Aber: In Lukas 23,43 spricht der Gekreuzigte zu dem guten Schächer, der später als Dismas im Ruch der Heiligkeit stehen sollte: „Heute noch wirst Du mit mir im Paradiese sein“. Dies kann, und so wurde es verstanden, nichts anderes bedeuten, als dass Christus sein Erlösungsversprechen nach seinem Tod unmittelbar ins Werk setzte. Cornelius a Lapide (1567-1637), ein vielgelesener jesuitischer Autor der katholischen Reform, widmet dieser Überzeugung in seinem Evangelienkommentar einen eigenen Absatz. Christus sei nach seinem Kreuzestod nicht unmittelbar zum Himmel aufgefahren, sondern mit dem gerechten Schächer hinabgestiegen in den Limbus, wo sich auch die Väter des Alten Testaments befanden. So machte der Erlöser aus dem Limbus das Paradies, damit die Untersten zu den Höchsten würden, ja, damit aus dem Inferno der Himmel werde. Denn, so Cornelius weiter, wo Christus sei, dort sei das Paradies, wo Gottesschau und Glückseligkeit sei, dort sei der Himmel. Cornelius kann sich in diesem Zusammenhang einen Seitenhieb auf „die Griechen“, die Calvinisten und „andere Neuerer“ nicht verkneifen: dass nämlich die vollkommen von der Sünde Gereinigten nicht bis zum Jüngsten Tage schlafen, sondern (durch Christi Rettungstat) auf der Stelle Gott schauen und glücklich werden durch eben diese Schau.

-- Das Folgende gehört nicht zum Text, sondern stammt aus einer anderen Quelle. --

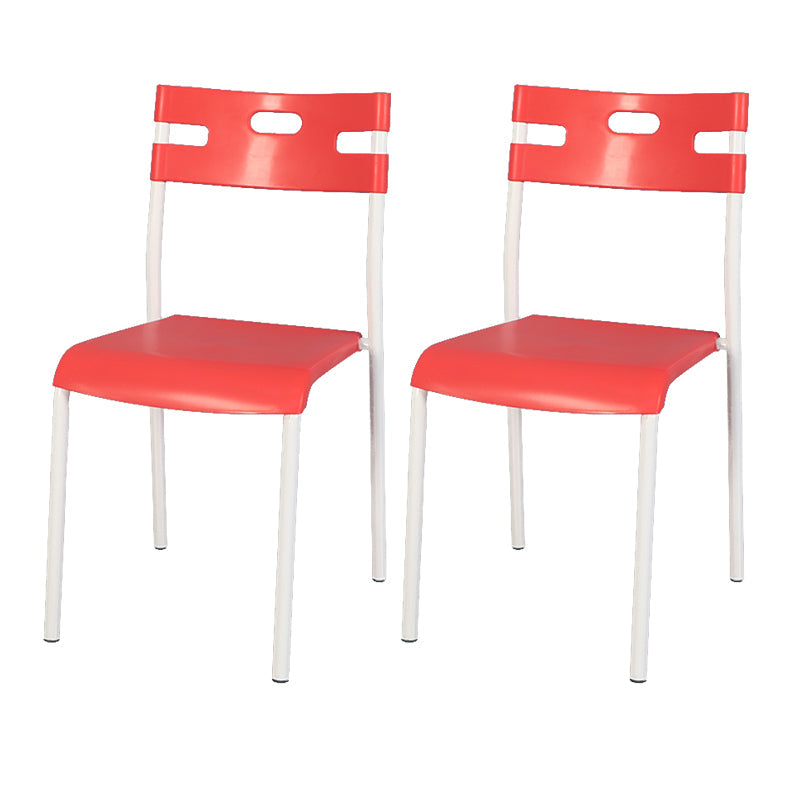 Minimalist Style Plastic Dining Armless Chair Stackable Open Back Dining Side Chair Red 2 Piece Set Clearhalo ' kitchen&dining_furn' 'Dining Chairs' 'Dining Tables & Seating' 'dining_chair' 'furn' 'furn_dining_chair' 'Furniture' 'furniture_dining_chair' 'Kitchen & Dining Furniture' 'kitchen' 4131179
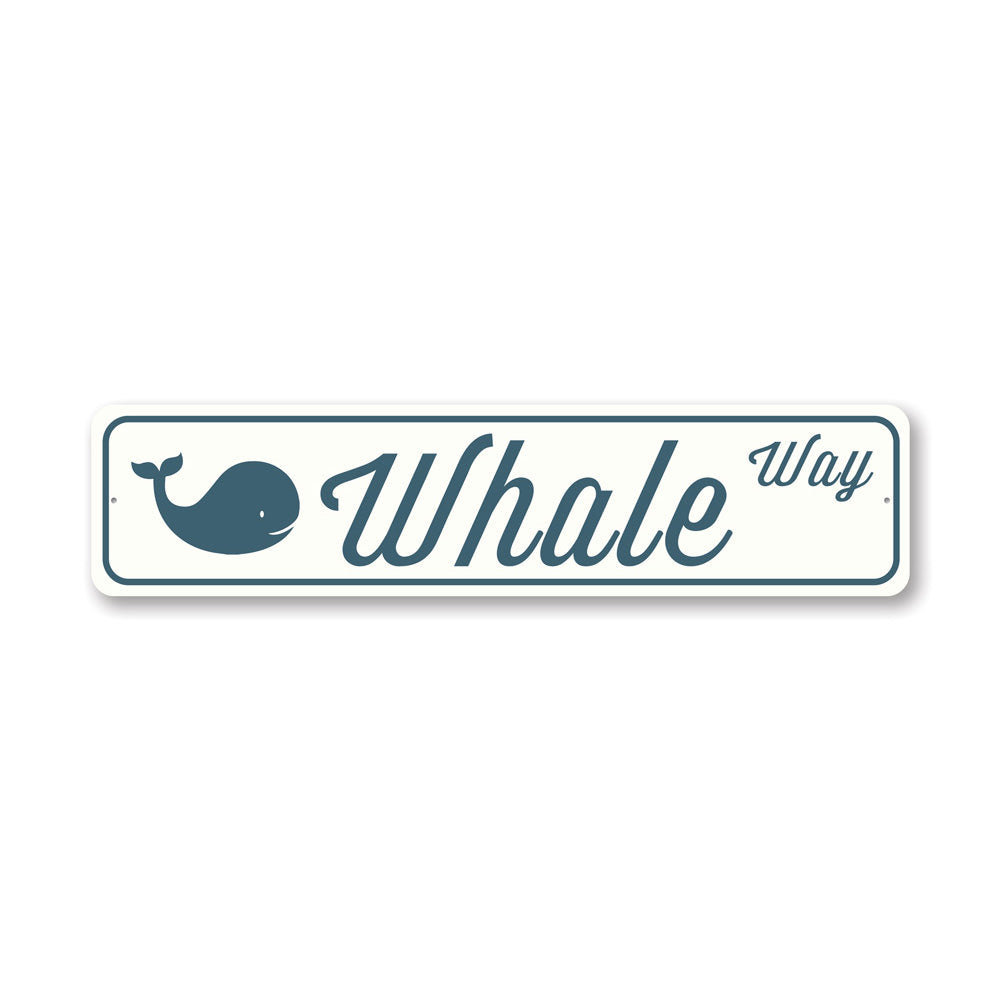 Whale Street Sign made of high-quality aluminum, featuring customizable text and pre-drilled holes for easy mounting.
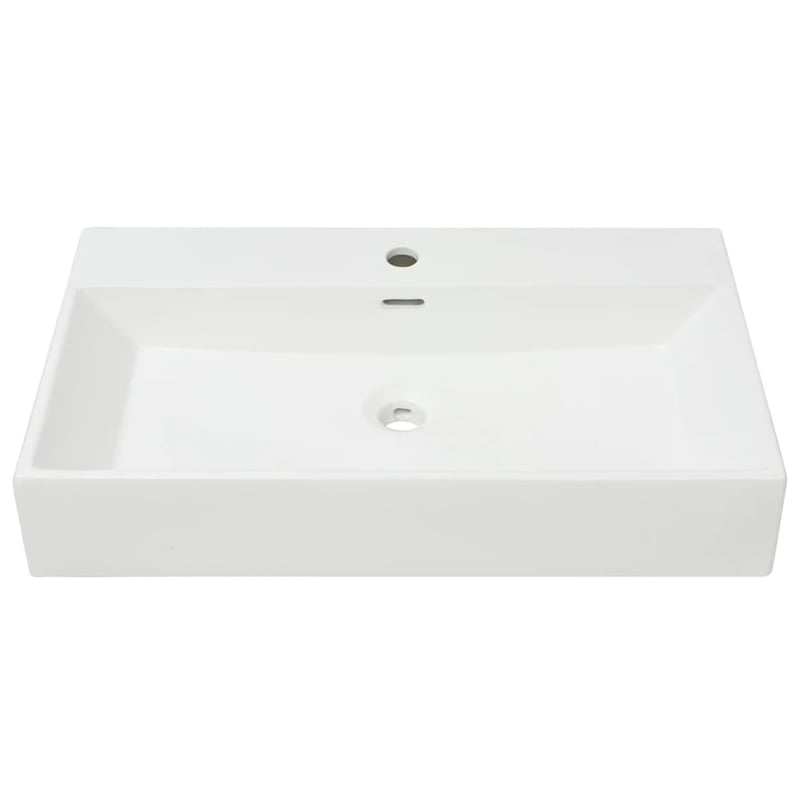 vidaXL Fehér kerámia mosdó csaptelep furattal 76x42,5x14,5 cm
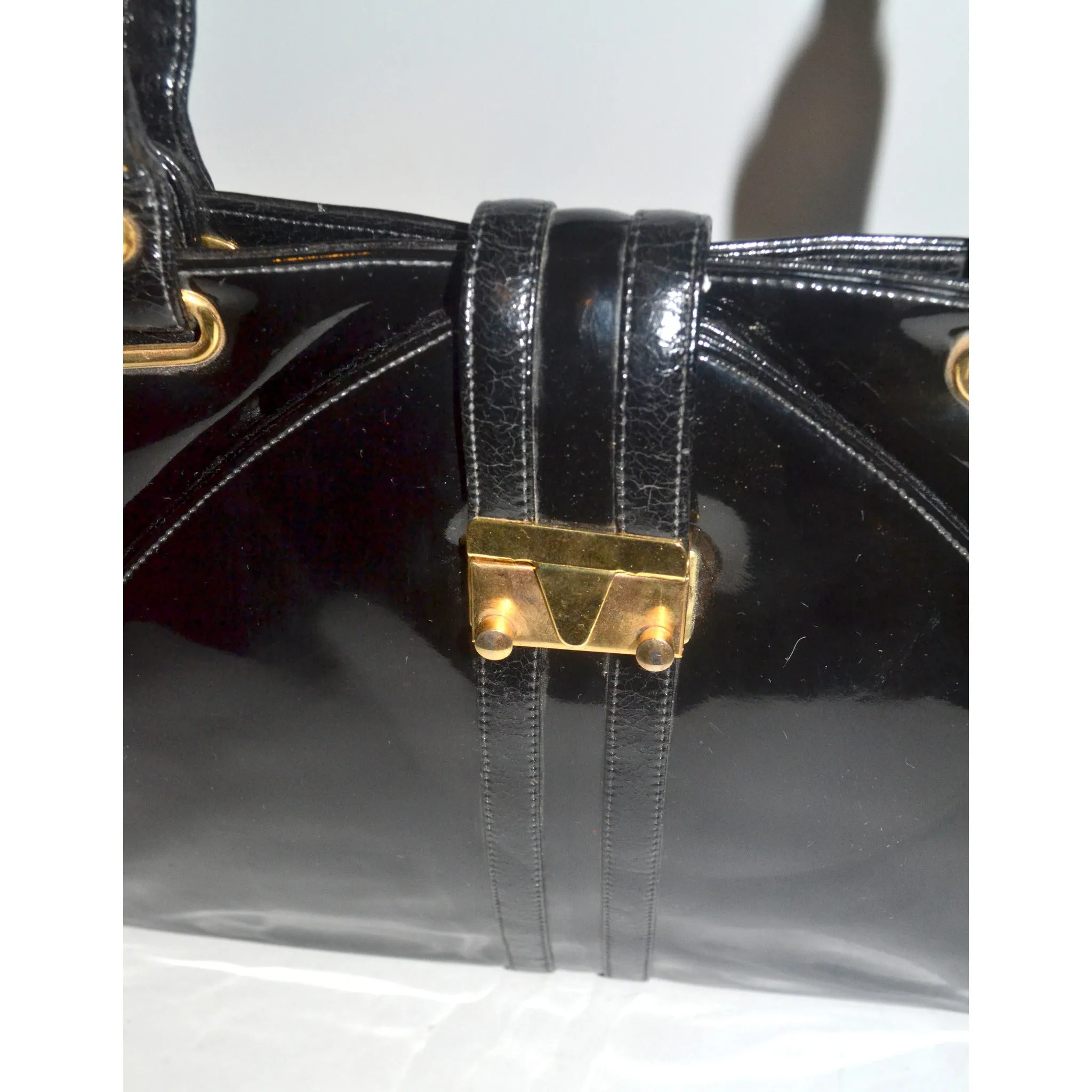 Black Patent Leather Handbag By Francois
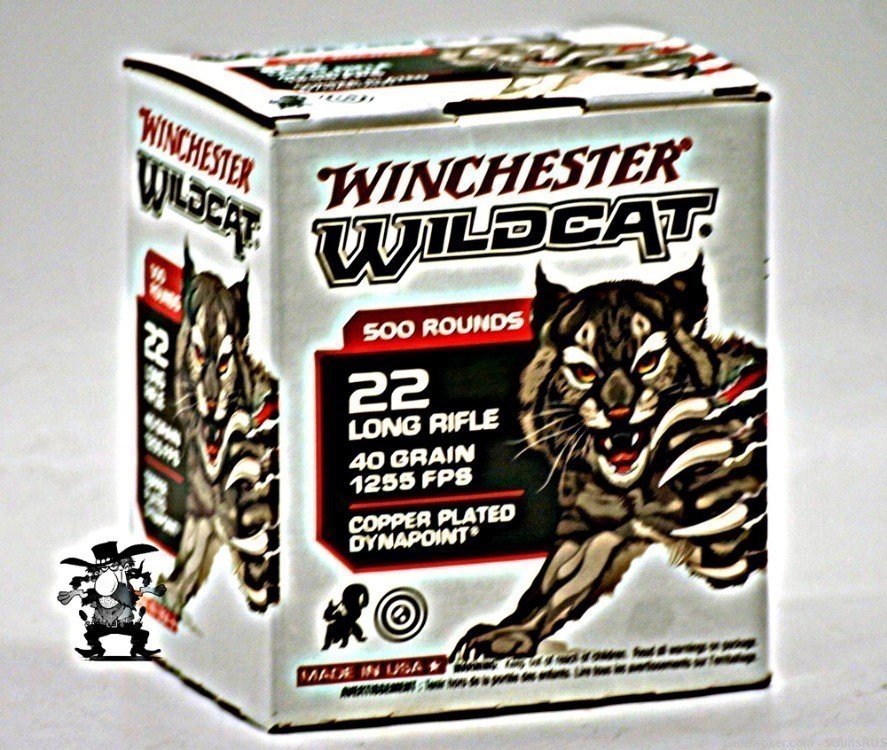 Winchester Wild Cat 22 LR 40 Grain Copper Plated Dynapoint 22lr 500 Rounds-img-1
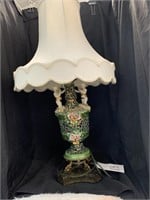 32 “ PORCELAIN & BRASS FIGURAL TABLE LAMP W/ BELL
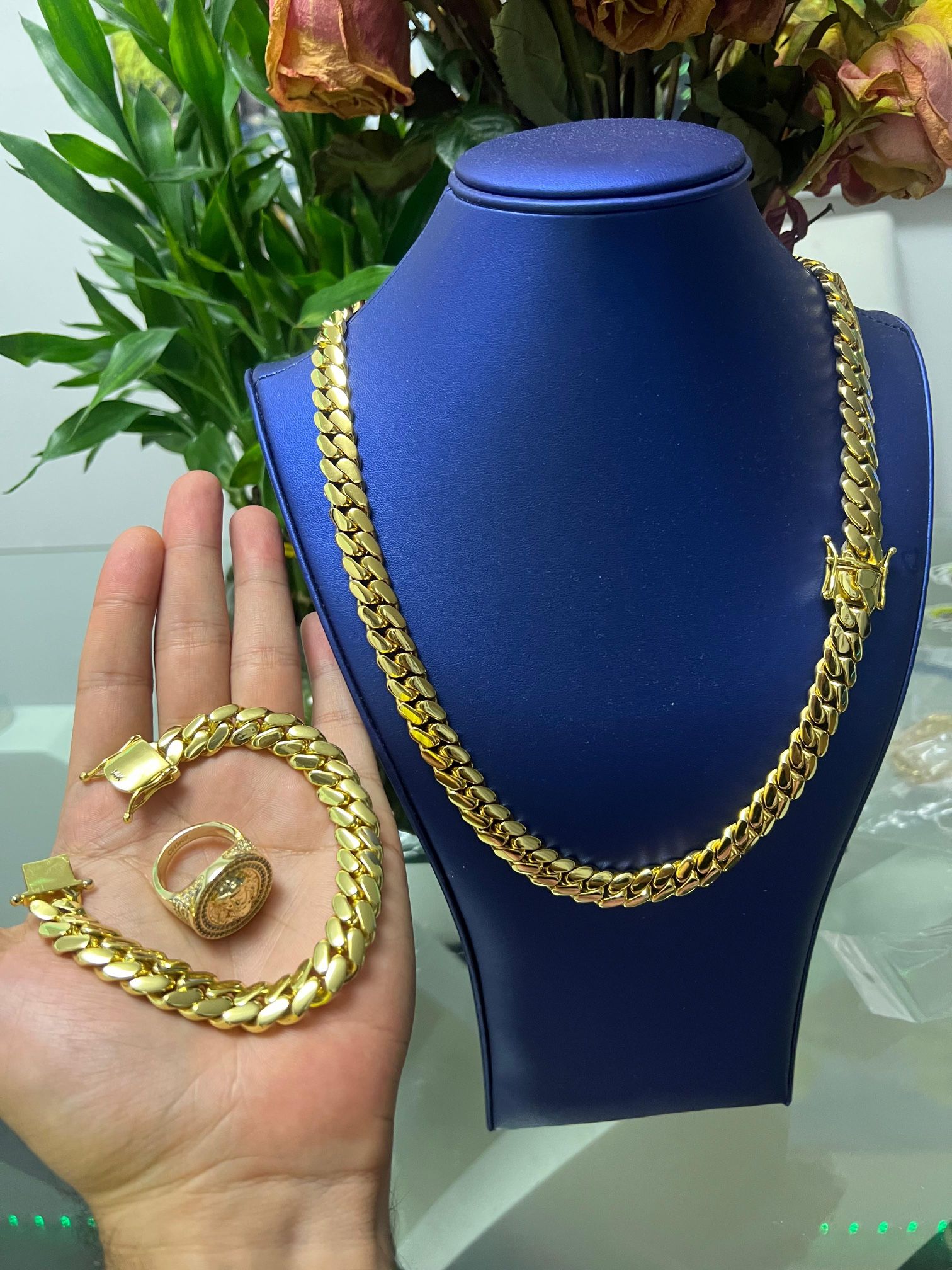chain bracelet and ring set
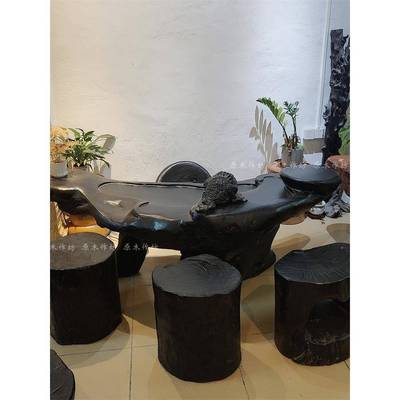 天然禅意夫根雕流水茶台树家用沉木阳台功茶桌根椅组合茶UDB室阴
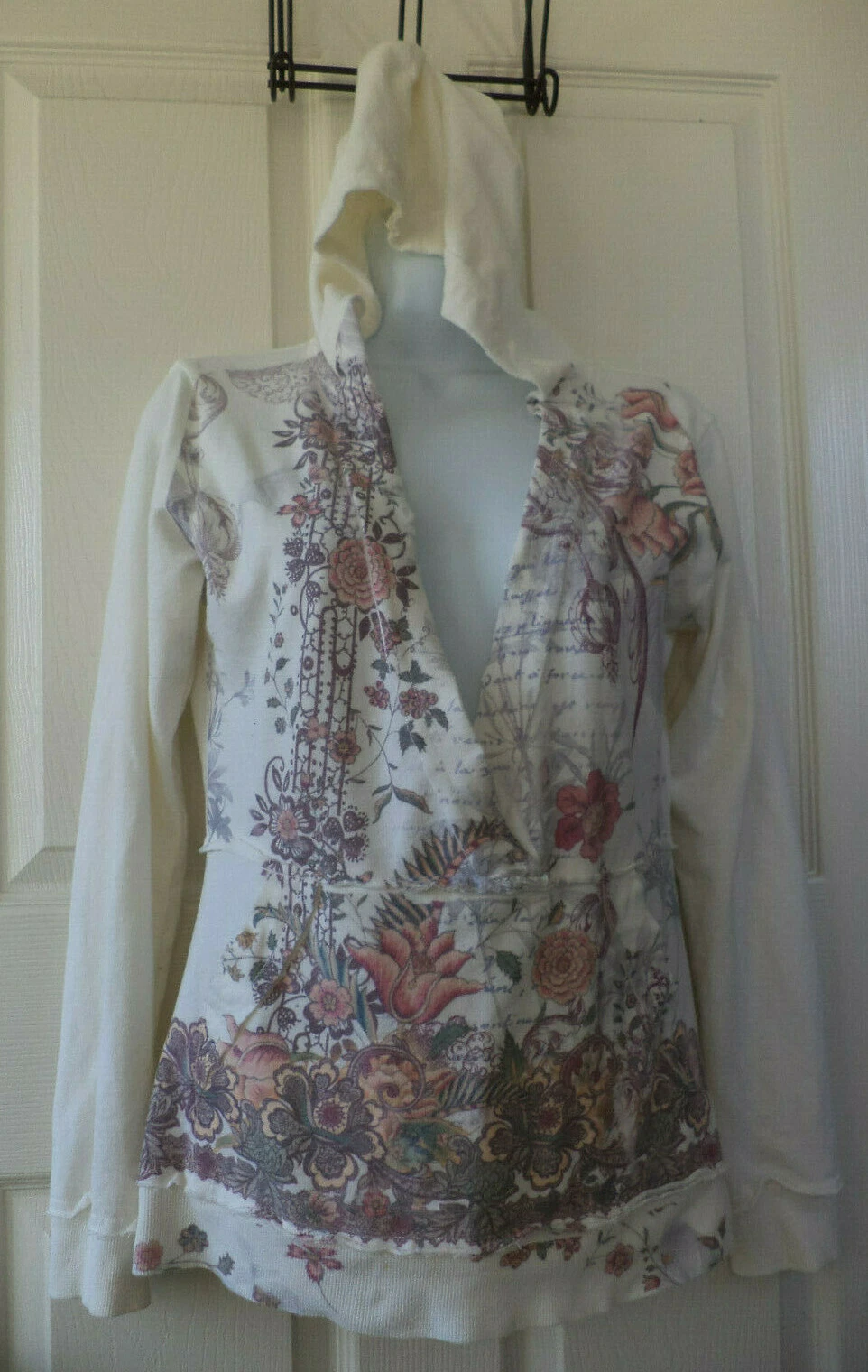 OFF WHITE Felpa con cappuccio American Rag Cie floreale avorio donna junior taglia M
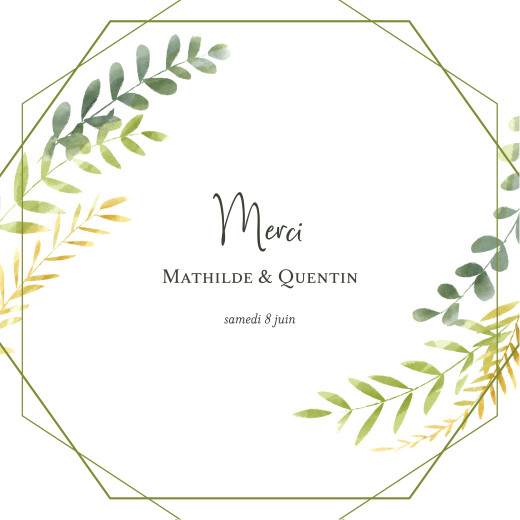 Carte de remerciement mariage Enchanté vert - Recto Carte de remerciement mariage Enchanté vert - Recto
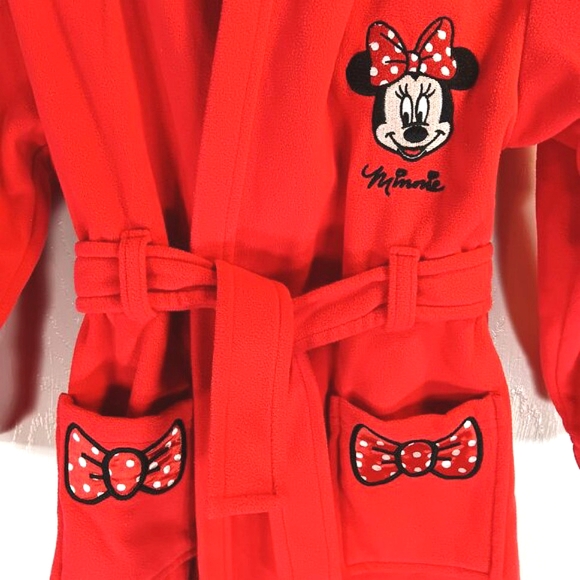 Disney Minnie Mouse NWOT Girl's Red Hooded Fleece Robe Bathrobe Size 3T - Picture 7 of 16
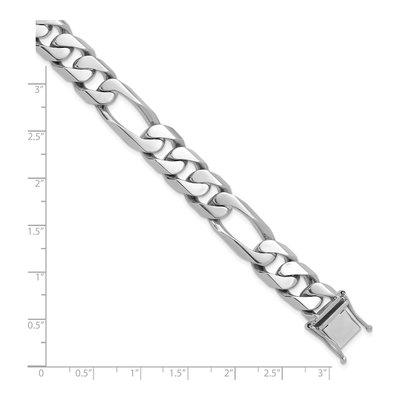14K White Gold 12.3mm Figaro Chain – view 2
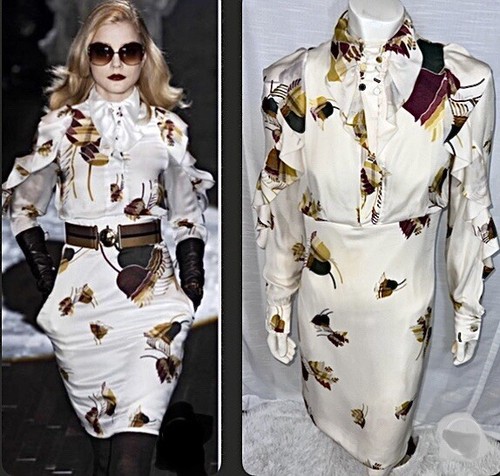 Abito in seta F W 2007 GUCCI manica arricciata taglia 44 look passerella Frida Giannini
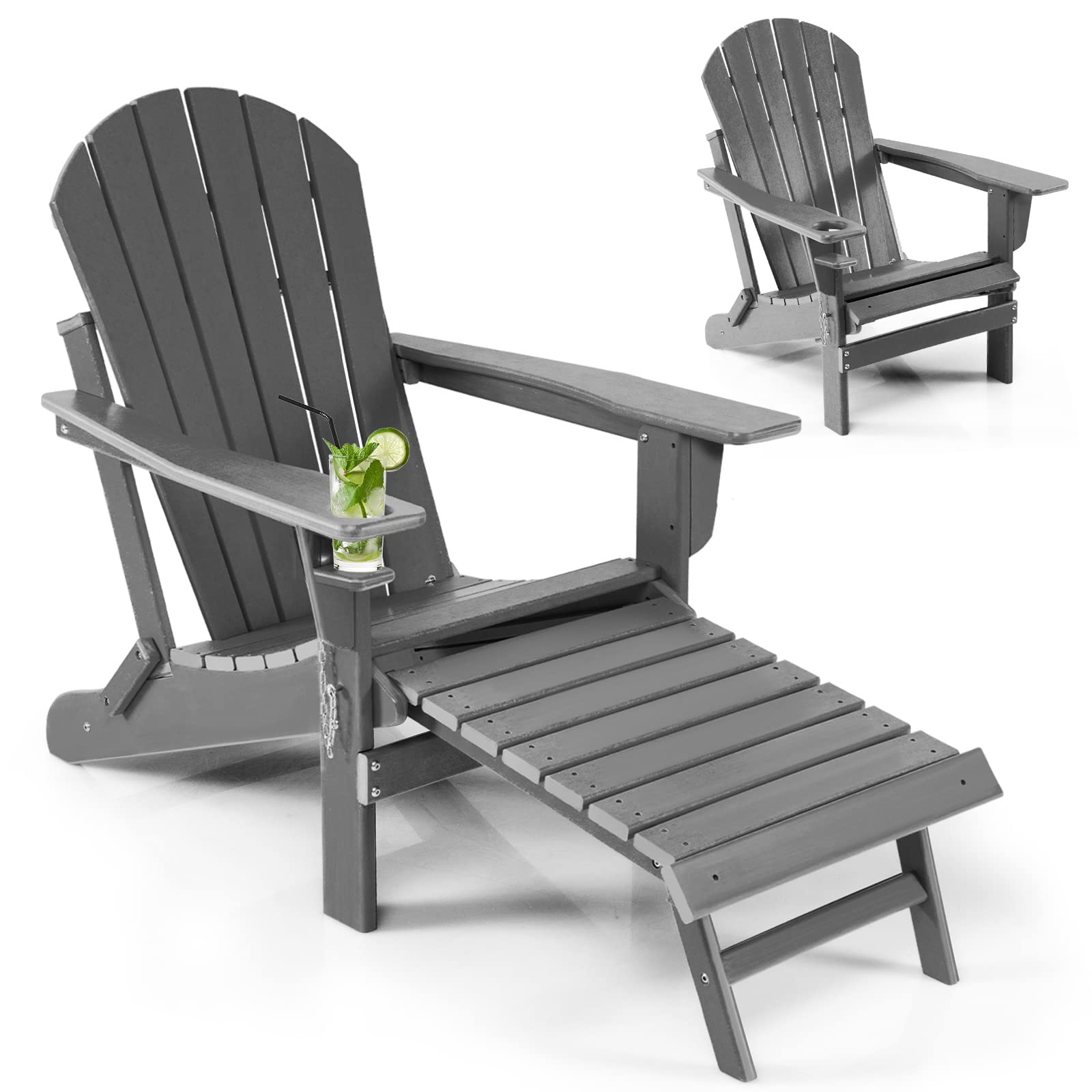 All-Weather Folding Adirondack Chair w/Retractable Ottoman & Cup Holder, HDPE Plastic Resin Outdoor Patio Lounger for Pool Deck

Dies kann erklären, warum, offenkundig unabhängig vom Wortlaut des Glaubensbekenntnisses, in der katholisch geprägten Ikonographie über die Jahrhunderte hinweg das Thema vom Erlöser, der triumphierend die Gerechten aus dem Limbus befreit, eine größere Rolle spielt als in der protestantischen Bilderwelt; so zum Beispiel noch in einem Deckenfresko aus dem 18. Jahrhundert, das Cosmas Damian Asam für die Klosterkirche in Aldersbach schuf. Kokoschka also dürfen wir uns vorstellen als Künstler und Menschen, der sich selbst vielleicht gar nicht mehr als besonders fromm verstand, der aber doch immer noch intensiv einem spezifisch katholischen Bilderbe verhaftet blieb.